Kathryn joined KIF1A.ORG shortly after her son Parker received his KIF1A diagnosis in January 2017. Before joining KIF1A.ORG, Kathryn spent six years at the headquarters of an international not-for-profit organization, working with both development and program areas. Her experience includes a wide range of nonprofit responsibilities, including grant writing, impact analysis, communications, budgeting, volunteer training, event planning and website management, all of which has been put to use at KIF1A.ORG.

As President of KIF1A.ORG, Kathryn’s focus is to advance our mission and continue to cultivate an engaged, global community of KIF1A families, researchers, clinicians, partners and supporters.


Chief Science

Dominique first started working with KIF1A.ORG in 2018 as a member of the Berger Lab at the University of Vermont. In graduate school, Dominique’s research focused on understanding the basics of KIF1A regulation and transport at the molecular level. On top of her KIF1A research background, Dominique brings experience in science communication and engagement techniques. Specifically, her training has focused on translating and conveying complex scientific rhetoric using mixed media formats.

Upon completion of her Ph.D., Dominique joined the KIF1A.ORG Leadership Team. As Chief Science Officer, Dominique drives KIF1A.ORG’s efforts to build a global, collaborative research network, and leads our research engagement and science communication strategy.

Shannon Scott


Chief Patient Officer​

Shannon has been with KIF1A.ORG since May 2017. As a practicing pediatric health care provider and mother to Sadie, who was diagnosed with KIF1A Associated Neurological Disorder, she is uniquely positioned to serve our organization. Shannon’s education and experience in the medical field has provided her with opportunities to serve as an advocate, mentor and educator.
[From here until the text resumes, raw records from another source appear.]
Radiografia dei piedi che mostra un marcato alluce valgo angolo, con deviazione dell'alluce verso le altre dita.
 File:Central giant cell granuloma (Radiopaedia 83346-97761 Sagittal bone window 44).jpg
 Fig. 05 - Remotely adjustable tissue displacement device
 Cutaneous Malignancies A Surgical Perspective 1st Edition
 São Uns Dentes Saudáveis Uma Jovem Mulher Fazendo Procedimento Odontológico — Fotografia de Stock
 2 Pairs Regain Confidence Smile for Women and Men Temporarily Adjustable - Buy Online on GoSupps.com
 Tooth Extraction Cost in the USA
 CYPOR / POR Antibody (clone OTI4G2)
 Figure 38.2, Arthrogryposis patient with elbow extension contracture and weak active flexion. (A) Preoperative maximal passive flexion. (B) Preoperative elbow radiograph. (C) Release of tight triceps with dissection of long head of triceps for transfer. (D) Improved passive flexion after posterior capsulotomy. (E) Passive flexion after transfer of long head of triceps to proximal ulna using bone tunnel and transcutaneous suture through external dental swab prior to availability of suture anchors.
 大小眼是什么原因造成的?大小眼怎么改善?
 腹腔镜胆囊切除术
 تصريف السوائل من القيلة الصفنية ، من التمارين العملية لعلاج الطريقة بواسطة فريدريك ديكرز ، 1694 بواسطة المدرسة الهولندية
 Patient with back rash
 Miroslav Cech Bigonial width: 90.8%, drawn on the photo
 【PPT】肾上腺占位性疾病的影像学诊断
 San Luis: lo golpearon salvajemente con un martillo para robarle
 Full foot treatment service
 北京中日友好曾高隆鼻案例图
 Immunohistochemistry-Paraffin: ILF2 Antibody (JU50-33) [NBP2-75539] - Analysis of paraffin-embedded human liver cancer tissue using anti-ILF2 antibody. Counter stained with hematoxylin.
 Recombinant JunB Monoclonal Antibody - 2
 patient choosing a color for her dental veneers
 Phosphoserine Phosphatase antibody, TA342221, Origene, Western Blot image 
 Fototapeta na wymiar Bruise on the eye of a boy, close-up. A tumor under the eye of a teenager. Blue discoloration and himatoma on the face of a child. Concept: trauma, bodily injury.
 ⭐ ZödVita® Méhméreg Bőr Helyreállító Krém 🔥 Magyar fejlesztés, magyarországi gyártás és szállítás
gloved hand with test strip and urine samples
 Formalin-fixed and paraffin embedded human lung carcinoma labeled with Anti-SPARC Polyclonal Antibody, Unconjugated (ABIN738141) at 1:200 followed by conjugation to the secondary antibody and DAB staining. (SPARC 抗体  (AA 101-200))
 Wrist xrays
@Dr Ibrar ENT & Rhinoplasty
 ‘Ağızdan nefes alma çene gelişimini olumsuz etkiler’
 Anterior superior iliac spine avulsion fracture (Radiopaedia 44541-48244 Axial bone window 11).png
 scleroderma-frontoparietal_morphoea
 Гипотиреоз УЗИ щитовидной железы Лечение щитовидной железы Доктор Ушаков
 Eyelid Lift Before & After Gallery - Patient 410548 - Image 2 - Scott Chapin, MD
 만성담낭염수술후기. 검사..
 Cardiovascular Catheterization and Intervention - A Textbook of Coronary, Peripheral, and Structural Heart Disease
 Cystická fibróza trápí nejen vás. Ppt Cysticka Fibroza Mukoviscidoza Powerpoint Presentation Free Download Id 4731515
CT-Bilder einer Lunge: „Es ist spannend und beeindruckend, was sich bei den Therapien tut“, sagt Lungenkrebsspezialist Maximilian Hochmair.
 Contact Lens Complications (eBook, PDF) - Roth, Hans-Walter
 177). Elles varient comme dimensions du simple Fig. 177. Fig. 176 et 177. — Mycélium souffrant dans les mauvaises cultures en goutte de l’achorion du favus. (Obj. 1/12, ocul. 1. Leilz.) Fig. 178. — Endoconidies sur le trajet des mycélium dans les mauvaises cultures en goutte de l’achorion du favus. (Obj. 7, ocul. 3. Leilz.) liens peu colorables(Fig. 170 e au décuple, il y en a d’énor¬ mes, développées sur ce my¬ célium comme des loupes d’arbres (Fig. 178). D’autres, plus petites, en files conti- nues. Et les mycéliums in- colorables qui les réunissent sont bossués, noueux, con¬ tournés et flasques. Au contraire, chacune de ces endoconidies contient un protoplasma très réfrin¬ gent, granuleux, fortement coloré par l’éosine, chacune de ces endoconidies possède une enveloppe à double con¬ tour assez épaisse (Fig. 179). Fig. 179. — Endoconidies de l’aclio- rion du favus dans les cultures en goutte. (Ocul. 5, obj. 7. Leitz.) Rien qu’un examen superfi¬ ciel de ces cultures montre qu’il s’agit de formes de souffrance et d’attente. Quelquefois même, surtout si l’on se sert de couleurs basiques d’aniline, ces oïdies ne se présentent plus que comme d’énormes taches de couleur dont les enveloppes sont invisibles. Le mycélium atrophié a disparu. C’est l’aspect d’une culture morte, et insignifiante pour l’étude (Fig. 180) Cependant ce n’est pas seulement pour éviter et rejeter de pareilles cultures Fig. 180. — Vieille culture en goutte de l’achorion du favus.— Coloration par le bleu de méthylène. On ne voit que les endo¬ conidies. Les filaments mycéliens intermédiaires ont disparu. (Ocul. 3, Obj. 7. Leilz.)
As Chief Patient Officer, Shannon supports collaboration with researchers who are studying KAND and helps caregivers improve their knowledge of the disorder. Her ultimate goal is to strengthen engagement and understanding between KIF1A families, researchers and clinicians to improve care and treatment options for KAND patients.

John Siemer



John joined KIF1A.ORG in September 2018 after his daughter Lily was diagnosed with KIF1A Associated Neurological Disorder. John’s background in finance brings great value to our organization. He has a broad range of accounting and tax experience, working with organizations of various sizes and entity types, across numerous industries and the non-profit sector. His nonprofit experience includes governmental audits and Form 990 tax preparation.

In addition to serving as Treasurer, John contributes to KIF1A.ORG development and advocacy efforts, and provides guidance to families doing local fundraisers to support KIF1A.ORG.